Your goal =
From the listing below, reproduce exactly the lines starting with the one with "FÜ-Stadeln: ERSTBEZUG nach" and going on through the one with "2 bedrooms, WiFi (free)", both ends kept. No picture is copied.
Exercise data Block Start
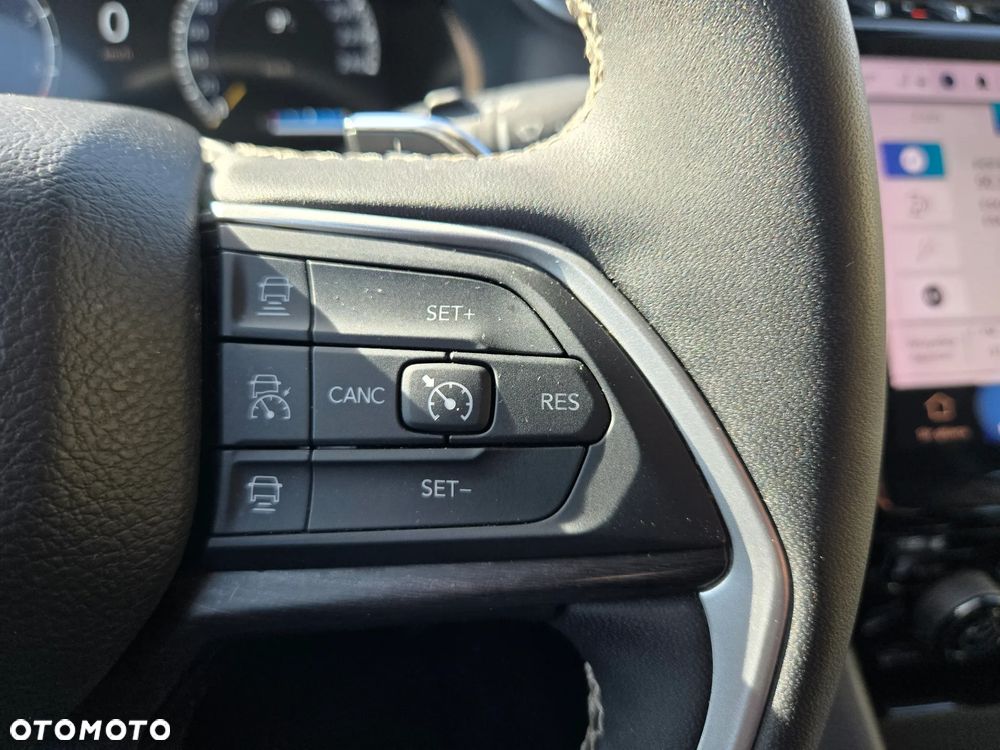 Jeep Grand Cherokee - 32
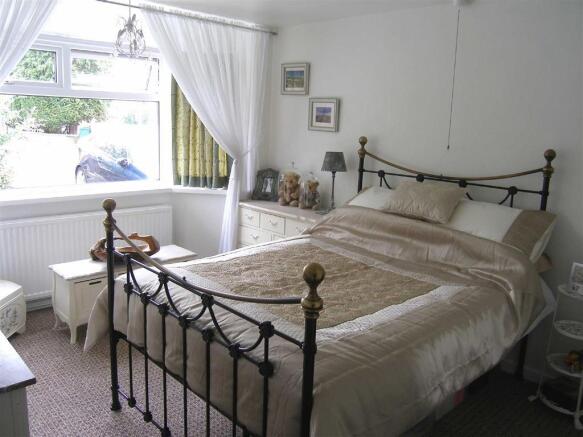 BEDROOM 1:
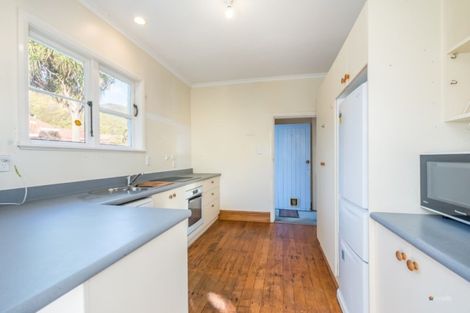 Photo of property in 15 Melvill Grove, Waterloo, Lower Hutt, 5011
Exercise data Block End
Exercise data Block Start
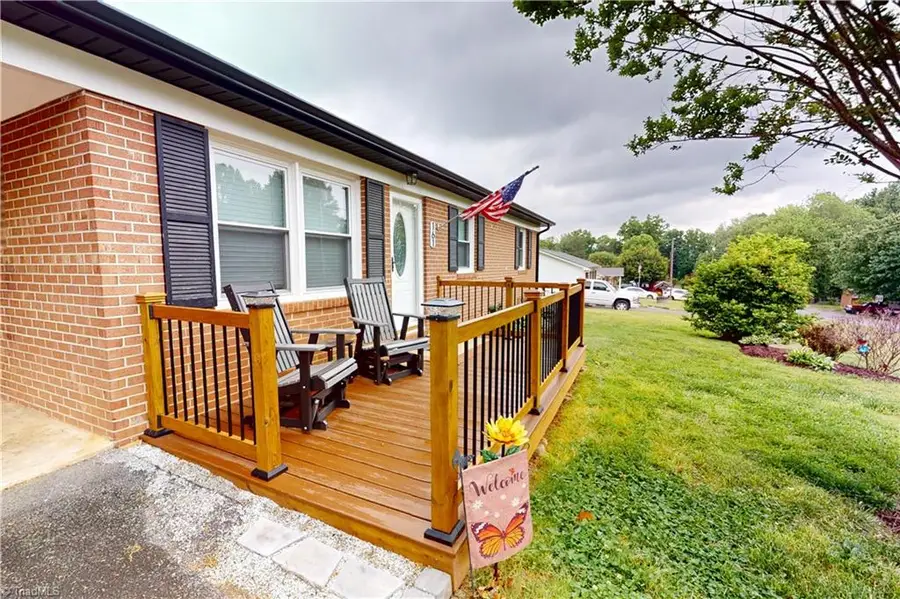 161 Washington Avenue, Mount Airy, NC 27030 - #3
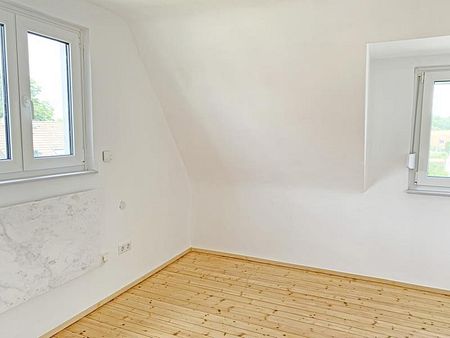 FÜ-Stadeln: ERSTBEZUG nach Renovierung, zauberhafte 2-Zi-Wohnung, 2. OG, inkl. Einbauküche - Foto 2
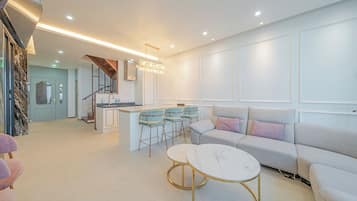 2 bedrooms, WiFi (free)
Exercise data Block End
Solution for this exercise =
 FÜ-Stadeln: ERSTBEZUG nach Renovierung, zauberhafte 2-Zi-Wohnung, 2. OG, inkl. Einbauküche - Foto 2
 2 bedrooms, WiFi (free)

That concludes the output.